DETROIT DIESEL 53
The two-cycle diesel engines covered in this manual have the same bore and stroke and many of the major working parts
such as injectors, pistons, connecting rods, cylinder liners and other parts are interchangeable.
The In-line engines, including the inclined marine models, include standard accessories such as the blower, water pump,
governor and fuel pump, which, on some models, may be located on either side of the engine regardless of the direction
the crankshaft rotates. Further flexibility in meeting installation requirements is achieved with the cylinder head which can
be installed to accommodate the exhaust manifold on either side of the engine.
The V-type engines use many In-line engine parts, including the 3-53 and 4-53 cylinder heads. The blower is mounted on
top of the engine between the two banks of cylinders and is driven by the gear train. The governor is mounted on the rear
end of the 6V-53 -blower and on the front end of the 8V-53 blower.
The meaning of each digit in the model numbering system is shown in Figs. 2 and 3. The letter L or R indicates left or
right-hand engine rotation as viewed from the front of the engine. The letter A, B, C or D designates the blower and
exhaust manifold location on the In-line engines as viewed from the rear of the engine while the letter A or C designates
the location of the oil cooler and starter on the V-type engines.
Each engine is equipped with an oil cooler (not required on certain two-cylinder models), full-flow oil filter, fuel oil
strainer and fuel oil filter, an air cleaner or silencer, governor, heat exchanger and raw water pump or fan and radiator,
and a starting motor.
Full pressure lubrication is- supplied to all main, connecting rod and camshaft bearings and to other moving parts. A
rotor-type pump on In-line or 6V engines or a gear-type pump on 8V engines draws oil from the oil pan through a screen
and delivers it to the oil filter. From the filter, the oil flows to the oil cooler and then enters a longitudinal oil gallery in the
cylinder block where the supply divides. Part of the oil goes to the camshaft bearings and up through the rocker arm
assemblies; the remainder of the oil goes to the main bearings and connecting rod bearings via the drilled oil passages in
Coolant is circulated through the engine by a centrifugal-type water pump. Heat is removed from the coolant, which
circulates in a closed system, by the heat exchanger or radiator. Control of the engine temperature is accomplished by
thermostat(s) which regulate the flow of the coolant within the cooling system.

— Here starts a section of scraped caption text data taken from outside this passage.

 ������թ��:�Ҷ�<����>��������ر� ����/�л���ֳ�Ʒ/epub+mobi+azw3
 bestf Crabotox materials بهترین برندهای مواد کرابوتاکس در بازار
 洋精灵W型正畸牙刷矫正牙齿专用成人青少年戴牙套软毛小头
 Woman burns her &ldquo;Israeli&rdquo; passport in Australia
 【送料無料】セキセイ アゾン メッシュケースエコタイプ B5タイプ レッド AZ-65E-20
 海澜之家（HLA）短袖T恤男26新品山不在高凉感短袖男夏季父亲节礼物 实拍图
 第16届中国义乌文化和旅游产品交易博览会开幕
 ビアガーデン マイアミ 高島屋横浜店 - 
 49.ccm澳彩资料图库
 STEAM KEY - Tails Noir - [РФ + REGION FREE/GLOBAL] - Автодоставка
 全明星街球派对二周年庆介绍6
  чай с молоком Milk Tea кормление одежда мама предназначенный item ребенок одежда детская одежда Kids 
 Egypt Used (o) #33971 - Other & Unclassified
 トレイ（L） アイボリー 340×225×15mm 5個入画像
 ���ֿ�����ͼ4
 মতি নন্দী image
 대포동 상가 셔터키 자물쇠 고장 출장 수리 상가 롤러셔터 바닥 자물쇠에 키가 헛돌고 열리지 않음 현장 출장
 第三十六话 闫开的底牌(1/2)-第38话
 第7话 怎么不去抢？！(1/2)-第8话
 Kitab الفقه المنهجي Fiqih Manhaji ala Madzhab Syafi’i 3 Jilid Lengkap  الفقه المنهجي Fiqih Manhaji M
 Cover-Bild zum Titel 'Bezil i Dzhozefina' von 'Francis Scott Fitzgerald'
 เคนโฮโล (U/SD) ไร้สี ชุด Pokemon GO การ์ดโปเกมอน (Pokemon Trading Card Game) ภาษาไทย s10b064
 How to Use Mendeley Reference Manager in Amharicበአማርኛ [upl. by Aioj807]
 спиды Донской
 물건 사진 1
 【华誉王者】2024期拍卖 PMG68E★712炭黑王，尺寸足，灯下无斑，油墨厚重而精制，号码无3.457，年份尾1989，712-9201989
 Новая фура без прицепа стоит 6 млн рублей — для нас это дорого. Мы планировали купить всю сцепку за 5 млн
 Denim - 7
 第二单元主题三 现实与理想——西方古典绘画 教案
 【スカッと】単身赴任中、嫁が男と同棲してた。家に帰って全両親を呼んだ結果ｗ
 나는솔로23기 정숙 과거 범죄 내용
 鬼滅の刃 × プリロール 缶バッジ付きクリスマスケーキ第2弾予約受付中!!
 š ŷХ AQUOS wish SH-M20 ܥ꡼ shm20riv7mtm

Fuel is drawn from the supply tank through the fuel strainer by a gear-type fuel pump. It is then forced through a filter and
into the fuel inlet manifold in the cylinder head(s) and to the injectors. Excess fuel is returned to the supply tank through
the fuel outlet manifold and connecting lines. Since the fuel is constantly circulating through the injectors, it serves to
cool the injectors and to carry off any air in the fuel system.
Air for scavenging and combustion is supplied by a blower which pumps air into the engine cylinders via the air box and
cylinder liner ports. All air entering the blower first passes through an air cleaner or silencer.
Engine starting is provided by either a hydraulic or electric starting system. The electric starting motor is energized by a
storage battery. A battery-charging generator, with a suitable voltage regulator, serves to keep the battery charged.
Engine speed is regulated by a mechanical or hydraulic type engine governor, depending upon the engine application.